Can the airplane really make it? I don’t see why not. After all, Orange County has a 5,700 foot runway and United can fly nonstop to Honolulu from there using a 737-700. That happens to be the exact same distance as Westchester – San Francisco.
This isn’t a perfect comparison. After all, the winter headwinds are going to be stiffer on the transcon from Westchester than they are to Hawai’i. The jetstream doesn’t wreak as much havoc on westbound flights heading that far south. But with a thousand feet more runway and a less dense A220, it seems like this should work at least most of the time.
The other — and frankly, most interesting — piece of this equation is that Westchester has slots… or something like that. Thanks to the airport’s Terminal Use Agreement, the airport can have no more than 4 flights per half hour, and there can’t be more than 240 passengers (inbound and outbound) in each half hour as well. Here’s the current split of seat share.
May 2022 Westchester (HPN) Seat Share
That might explain some of the more curious flight times. For example, Westchester – Jacksonville leaves in the evening, as do many of the other East Coast flights. The Vegas flight goes in the early afternoon with a redeye return. LAX is a morning flight in both directions, but SFO is morning westbound and afternoon eastbound. Are these exactly how Breeze would have scheduled them if there were no constraints? I doubt it. But you take what you can get.
It’s hard for me not to love this plan, assuming the airline sticks to its leisure travel appeal. Yes, Westchester is where a lot of high-powered business people live, but this is a leisure schedule. Even 1x daily isn’t going to help much for a business person who needs multiple options to get home at different times. Sure, if the time is right, then a business person may take the flight, but with so much more frequency at JFK or Newark, it can never be true competition. But on the leisure side? It’s a different story.
There is so much traffic between New York and these markets in the west that it’s hard to imagine these not being successful. Having Westchester as a controlled airport makes it even better… though I should point out that both JetBlue and Delta have A220s. They could give this a shot as well if they want, and Breeze wouldn’t love that. But then again, airlines that go up against David Neeleman in transcon markets don’t tend to do so well. Just ask American how its Long Beach – JFK experiment went back in the day.
The shorter East Coast markets are also pretty interesting. There’s a whole lot of overlap with Avelo’s first round of non-Florida flying from New Haven. Both Savannah and Charleston will be on the list for both airlines, probably because they can both seem the same data. These are popular markets for those around New York, and presumably serving them from more airports will only increase demand.

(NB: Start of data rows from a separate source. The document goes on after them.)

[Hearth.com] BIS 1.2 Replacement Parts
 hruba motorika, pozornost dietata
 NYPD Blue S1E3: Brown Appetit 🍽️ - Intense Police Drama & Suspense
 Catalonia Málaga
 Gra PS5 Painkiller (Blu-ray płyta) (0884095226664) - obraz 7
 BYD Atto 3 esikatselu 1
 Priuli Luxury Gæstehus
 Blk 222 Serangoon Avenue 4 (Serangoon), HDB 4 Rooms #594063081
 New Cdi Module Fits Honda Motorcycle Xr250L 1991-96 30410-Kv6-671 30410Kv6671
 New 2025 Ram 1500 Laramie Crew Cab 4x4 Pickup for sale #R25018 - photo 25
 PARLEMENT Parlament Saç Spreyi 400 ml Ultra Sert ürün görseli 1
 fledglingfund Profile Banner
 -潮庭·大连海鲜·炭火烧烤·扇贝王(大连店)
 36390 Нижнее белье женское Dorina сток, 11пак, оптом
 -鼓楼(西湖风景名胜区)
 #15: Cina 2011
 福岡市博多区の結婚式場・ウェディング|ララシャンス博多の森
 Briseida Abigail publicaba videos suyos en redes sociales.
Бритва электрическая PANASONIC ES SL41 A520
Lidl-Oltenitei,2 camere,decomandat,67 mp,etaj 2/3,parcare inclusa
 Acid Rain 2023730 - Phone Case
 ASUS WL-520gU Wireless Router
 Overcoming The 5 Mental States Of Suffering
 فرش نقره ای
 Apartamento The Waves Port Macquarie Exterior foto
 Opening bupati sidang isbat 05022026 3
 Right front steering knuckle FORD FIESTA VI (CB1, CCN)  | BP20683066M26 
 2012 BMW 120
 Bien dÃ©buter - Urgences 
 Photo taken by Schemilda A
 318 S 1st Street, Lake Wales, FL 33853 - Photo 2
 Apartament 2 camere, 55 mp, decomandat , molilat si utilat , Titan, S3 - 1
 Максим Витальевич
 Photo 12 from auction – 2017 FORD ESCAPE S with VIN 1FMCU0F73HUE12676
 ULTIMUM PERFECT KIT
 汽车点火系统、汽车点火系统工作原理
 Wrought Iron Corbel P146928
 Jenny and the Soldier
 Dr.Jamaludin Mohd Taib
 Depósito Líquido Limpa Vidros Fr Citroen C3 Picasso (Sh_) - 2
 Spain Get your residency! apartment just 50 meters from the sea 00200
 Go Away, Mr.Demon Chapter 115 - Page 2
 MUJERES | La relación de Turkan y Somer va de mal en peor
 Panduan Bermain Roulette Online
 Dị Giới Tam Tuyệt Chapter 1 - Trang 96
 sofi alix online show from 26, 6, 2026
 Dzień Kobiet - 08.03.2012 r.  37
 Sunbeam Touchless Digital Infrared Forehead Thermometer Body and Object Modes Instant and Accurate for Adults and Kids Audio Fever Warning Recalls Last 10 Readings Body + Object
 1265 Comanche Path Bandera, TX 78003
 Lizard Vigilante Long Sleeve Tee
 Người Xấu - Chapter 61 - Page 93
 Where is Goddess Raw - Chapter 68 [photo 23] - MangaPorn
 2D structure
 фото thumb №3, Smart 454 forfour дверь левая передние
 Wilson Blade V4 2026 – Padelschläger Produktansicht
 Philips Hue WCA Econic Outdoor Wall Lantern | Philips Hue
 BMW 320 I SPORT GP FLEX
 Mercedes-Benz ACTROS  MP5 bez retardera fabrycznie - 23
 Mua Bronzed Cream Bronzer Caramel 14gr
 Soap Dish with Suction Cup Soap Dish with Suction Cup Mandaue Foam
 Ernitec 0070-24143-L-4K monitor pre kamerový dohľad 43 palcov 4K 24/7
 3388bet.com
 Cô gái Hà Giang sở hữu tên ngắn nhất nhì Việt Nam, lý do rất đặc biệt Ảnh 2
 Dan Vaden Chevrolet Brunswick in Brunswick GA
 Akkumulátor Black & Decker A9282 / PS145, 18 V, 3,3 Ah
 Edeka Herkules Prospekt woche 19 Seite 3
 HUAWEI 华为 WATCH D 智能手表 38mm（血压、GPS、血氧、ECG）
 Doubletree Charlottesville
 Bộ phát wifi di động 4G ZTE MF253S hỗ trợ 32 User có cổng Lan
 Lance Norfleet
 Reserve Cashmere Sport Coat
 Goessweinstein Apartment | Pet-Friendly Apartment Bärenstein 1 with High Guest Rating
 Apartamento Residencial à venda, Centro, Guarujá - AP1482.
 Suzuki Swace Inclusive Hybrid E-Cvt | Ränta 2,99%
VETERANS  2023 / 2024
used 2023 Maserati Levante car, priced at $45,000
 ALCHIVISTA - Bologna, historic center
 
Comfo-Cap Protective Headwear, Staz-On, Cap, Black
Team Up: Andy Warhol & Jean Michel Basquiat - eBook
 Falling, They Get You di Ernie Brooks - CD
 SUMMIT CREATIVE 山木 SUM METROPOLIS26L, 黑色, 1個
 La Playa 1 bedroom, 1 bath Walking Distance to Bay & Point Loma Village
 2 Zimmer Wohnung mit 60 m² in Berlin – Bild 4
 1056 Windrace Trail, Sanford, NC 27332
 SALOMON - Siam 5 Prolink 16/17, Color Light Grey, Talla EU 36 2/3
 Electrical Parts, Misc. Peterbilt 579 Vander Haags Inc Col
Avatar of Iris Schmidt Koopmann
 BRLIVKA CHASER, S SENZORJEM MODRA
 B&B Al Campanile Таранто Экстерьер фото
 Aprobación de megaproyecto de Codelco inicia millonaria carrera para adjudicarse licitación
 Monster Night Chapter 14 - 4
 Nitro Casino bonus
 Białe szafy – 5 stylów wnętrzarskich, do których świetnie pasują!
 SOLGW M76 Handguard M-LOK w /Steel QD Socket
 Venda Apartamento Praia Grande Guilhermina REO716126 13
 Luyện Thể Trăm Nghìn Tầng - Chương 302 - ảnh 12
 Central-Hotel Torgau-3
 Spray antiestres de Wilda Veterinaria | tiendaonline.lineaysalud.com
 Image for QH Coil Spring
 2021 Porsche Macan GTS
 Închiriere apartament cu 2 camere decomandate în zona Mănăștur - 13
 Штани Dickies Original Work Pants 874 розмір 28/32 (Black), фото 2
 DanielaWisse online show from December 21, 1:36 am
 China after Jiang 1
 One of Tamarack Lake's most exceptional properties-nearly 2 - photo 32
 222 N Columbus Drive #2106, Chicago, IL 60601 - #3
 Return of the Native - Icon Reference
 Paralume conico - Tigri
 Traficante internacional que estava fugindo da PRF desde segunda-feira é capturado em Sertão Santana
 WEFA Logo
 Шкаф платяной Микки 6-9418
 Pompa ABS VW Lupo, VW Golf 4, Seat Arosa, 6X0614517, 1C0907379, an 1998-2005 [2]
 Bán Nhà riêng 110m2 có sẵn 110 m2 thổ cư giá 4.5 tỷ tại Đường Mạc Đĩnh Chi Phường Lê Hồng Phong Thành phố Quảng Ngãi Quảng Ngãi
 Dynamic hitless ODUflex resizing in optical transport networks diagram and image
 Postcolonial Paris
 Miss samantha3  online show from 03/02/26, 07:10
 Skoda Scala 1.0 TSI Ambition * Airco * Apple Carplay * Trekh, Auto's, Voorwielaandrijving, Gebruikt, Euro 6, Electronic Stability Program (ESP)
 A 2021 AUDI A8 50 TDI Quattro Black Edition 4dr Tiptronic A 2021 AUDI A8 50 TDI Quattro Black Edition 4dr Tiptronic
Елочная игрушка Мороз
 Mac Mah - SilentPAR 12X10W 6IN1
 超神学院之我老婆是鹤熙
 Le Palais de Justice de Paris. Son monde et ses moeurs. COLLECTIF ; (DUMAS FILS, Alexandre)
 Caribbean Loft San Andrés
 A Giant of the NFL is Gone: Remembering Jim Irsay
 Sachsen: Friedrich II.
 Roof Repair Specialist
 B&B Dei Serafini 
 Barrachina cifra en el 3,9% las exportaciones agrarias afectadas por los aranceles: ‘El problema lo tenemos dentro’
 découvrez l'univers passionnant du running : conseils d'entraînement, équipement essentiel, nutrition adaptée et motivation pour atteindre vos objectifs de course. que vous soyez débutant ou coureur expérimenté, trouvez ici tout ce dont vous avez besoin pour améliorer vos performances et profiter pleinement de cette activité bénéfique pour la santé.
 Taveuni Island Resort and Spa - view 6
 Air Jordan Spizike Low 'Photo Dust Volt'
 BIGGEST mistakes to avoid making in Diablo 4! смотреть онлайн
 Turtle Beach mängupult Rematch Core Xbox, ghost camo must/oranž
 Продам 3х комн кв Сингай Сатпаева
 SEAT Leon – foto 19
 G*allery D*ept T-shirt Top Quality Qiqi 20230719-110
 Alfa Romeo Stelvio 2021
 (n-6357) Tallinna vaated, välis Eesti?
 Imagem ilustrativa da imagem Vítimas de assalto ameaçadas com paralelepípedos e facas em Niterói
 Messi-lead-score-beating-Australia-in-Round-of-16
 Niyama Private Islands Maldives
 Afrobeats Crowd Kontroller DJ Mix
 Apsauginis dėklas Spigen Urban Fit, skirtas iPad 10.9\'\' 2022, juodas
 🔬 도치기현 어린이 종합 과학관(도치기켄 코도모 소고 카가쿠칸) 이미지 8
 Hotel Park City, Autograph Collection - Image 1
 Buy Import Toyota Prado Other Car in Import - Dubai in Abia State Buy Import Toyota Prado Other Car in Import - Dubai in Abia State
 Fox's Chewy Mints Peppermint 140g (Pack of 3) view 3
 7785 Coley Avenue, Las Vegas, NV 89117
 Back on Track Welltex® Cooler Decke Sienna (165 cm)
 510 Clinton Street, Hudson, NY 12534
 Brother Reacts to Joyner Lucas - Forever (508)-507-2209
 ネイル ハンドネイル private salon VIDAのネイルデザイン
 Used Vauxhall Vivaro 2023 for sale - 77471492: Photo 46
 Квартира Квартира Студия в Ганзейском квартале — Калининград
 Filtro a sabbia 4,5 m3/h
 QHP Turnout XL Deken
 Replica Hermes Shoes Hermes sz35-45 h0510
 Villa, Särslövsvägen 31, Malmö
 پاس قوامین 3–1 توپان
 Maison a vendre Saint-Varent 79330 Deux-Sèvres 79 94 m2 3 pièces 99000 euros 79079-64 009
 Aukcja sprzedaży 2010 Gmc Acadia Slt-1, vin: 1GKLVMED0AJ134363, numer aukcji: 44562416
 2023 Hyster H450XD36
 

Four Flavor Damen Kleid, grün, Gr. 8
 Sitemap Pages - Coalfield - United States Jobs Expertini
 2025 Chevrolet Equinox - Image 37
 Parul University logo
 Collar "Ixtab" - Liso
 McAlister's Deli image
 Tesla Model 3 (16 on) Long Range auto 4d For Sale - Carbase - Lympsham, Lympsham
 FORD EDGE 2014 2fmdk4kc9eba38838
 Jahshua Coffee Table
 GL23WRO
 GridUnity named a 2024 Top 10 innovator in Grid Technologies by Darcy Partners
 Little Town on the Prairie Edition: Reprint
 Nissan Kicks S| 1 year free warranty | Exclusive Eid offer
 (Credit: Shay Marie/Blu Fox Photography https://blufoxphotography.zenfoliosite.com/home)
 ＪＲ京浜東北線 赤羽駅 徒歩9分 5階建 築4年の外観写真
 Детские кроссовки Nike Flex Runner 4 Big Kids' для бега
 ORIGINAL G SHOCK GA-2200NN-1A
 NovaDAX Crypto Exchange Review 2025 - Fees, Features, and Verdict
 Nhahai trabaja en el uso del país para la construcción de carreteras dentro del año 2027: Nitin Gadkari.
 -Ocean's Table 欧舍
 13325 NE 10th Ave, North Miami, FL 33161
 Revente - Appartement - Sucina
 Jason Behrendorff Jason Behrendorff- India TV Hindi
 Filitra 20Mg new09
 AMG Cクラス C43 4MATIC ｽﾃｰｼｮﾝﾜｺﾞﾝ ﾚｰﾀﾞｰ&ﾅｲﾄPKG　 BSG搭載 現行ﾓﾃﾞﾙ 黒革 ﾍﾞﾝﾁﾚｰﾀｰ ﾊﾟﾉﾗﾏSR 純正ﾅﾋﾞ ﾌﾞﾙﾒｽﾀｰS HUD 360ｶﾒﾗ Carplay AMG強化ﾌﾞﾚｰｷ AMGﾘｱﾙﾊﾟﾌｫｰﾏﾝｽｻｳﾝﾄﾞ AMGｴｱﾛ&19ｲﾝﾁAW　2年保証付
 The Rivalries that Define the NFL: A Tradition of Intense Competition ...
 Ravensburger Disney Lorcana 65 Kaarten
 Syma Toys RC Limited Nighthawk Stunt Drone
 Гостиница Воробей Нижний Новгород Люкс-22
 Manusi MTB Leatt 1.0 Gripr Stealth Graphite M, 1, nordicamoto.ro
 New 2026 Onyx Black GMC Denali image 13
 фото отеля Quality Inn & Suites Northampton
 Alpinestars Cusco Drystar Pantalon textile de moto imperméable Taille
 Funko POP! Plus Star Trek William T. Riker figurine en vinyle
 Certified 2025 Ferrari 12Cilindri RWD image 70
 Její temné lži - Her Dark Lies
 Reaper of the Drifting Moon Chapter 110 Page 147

On those shorter flights, the biggest risk is having the wrong flight times. Time of day matters more and more the shorter the flight, especially when there is nearby competition. The convenience of Westchester will have a strong pull for those who were otherwise going to use primary New York airports, but the pull may be less strong once you get into Connecticut if they have New Haven as an option too.
Breeze will have wifi, power, and all the stuff you need on a transcon on the A220s, so from a product perspective, I’d think these will be attractive. To me, it really comes down to whether the flight times work and if Breeze can pry people away from their primary airlines and their elite programs.
Of everything Breeze has launched so far, I like this best. Now let’s see if customers behave the way Breeze expects.